James K Moran’s debut horror novel, Town & Train, has been decades in the making, but one thing has remained clear to him for most of that time: it had to have a queer hero.
The story is set in the summer of 1990 in a small Ontario town, because that’s when and where Moran started writing it, when he was 17 years old. He had his influences — his favourite authors, his strong desire to leave the town — but more than that, he “wanted to write a horror novel that would be the type of adventure a kid in any small town would love to be in.”
Moran says he’s captured the best of the teen years: the insights that you have only when you’re that age and that few people think to record.
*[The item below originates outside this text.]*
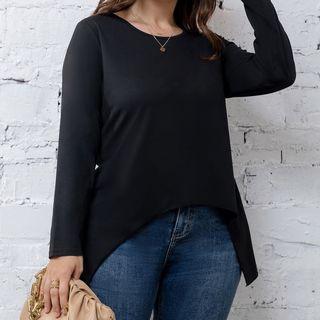 Plus Size Long-sleeve Irregular T-shirt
He gave the story a 17-year-old named John Daniel and a 25- or 26-year-old police officer hero named David Forester. And he gave it an antique steam engine that arrives in the night.
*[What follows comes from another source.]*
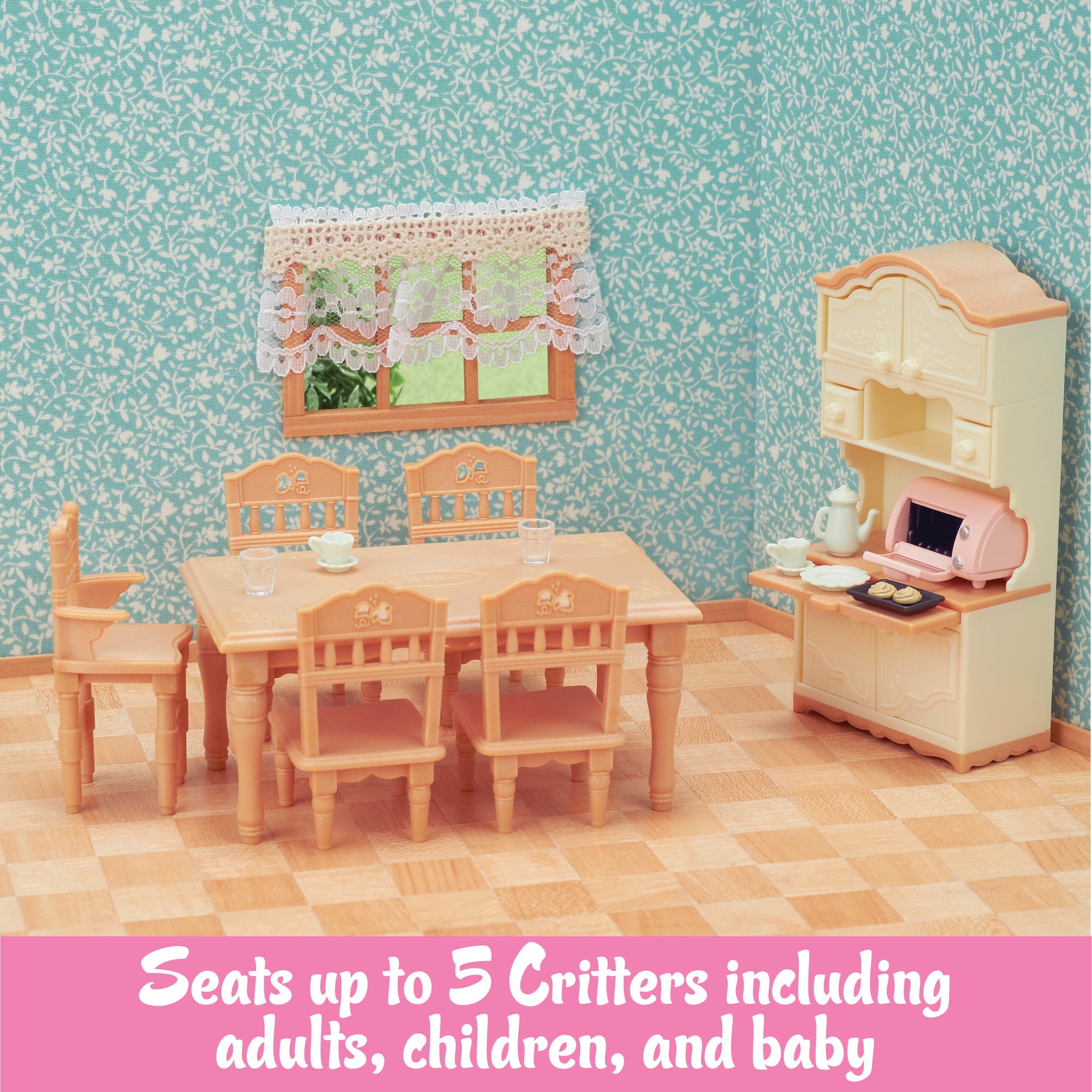 Calico Critters Dining Room Set， Dollhouse Furniture and Accessories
Then Moran went away to university, grew as a writer and as a person — he realized he’s bisexual — and when he revisited the story in his 20s, he realized that Forester is also bisexual (or should be made so).
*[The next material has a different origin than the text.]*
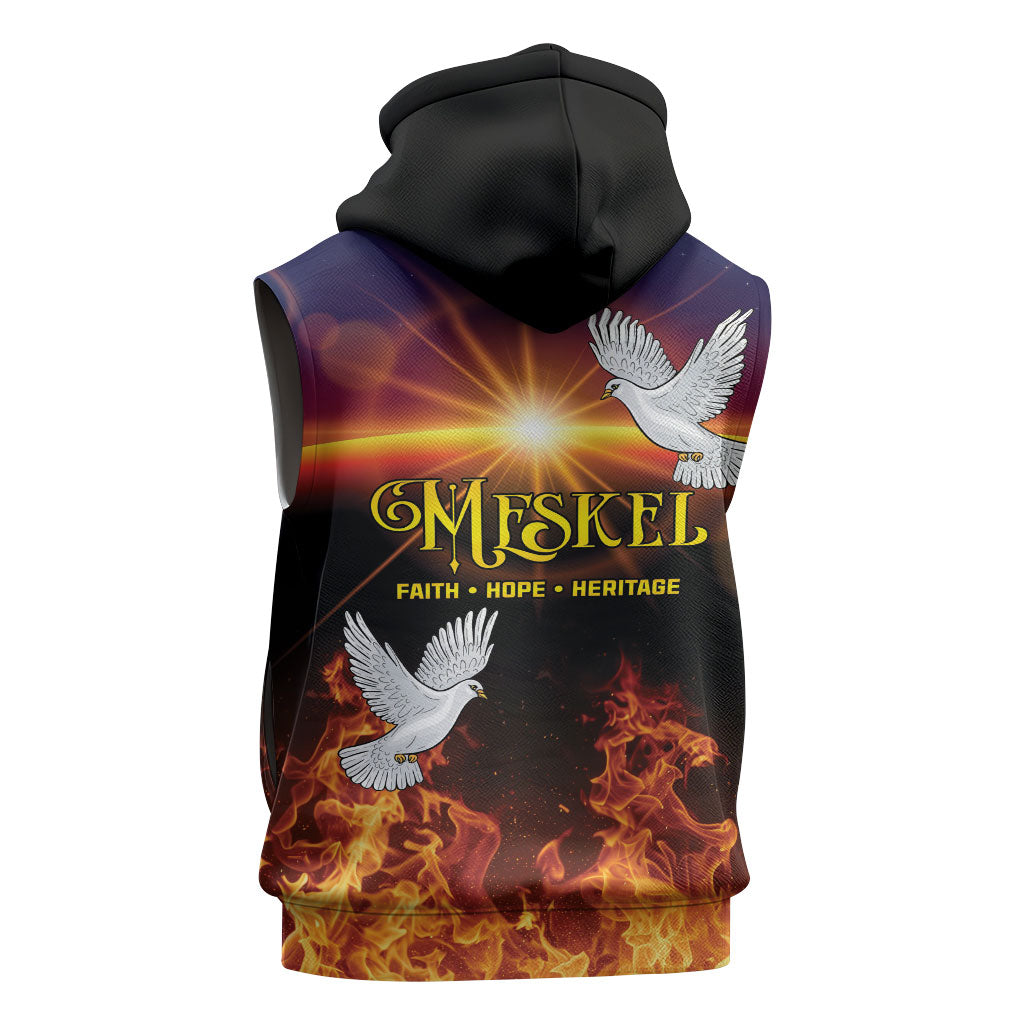 Eritrea Meskel Sleeveless Hoodie Demera Cross Flames of Faith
He ended up creating several other queer characters, too, including a villain. “I wanted characters I could sympathize with but didn’t want to mimic the horror tropes I’d seen,” he says. “So, there is a queer villain, but he’s not the only queer character, so it’s not a pulpy book where the only queer characters are horrible monsters.”
Meanwhile, people are disappearing from the town, but nobody notices at first because people were already moving away in droves — it’s the recession, businesses are closing down, and dreams are dying. But Daniel and Forester soon suspect that something sinister is going on and it’s linked to an ominous train.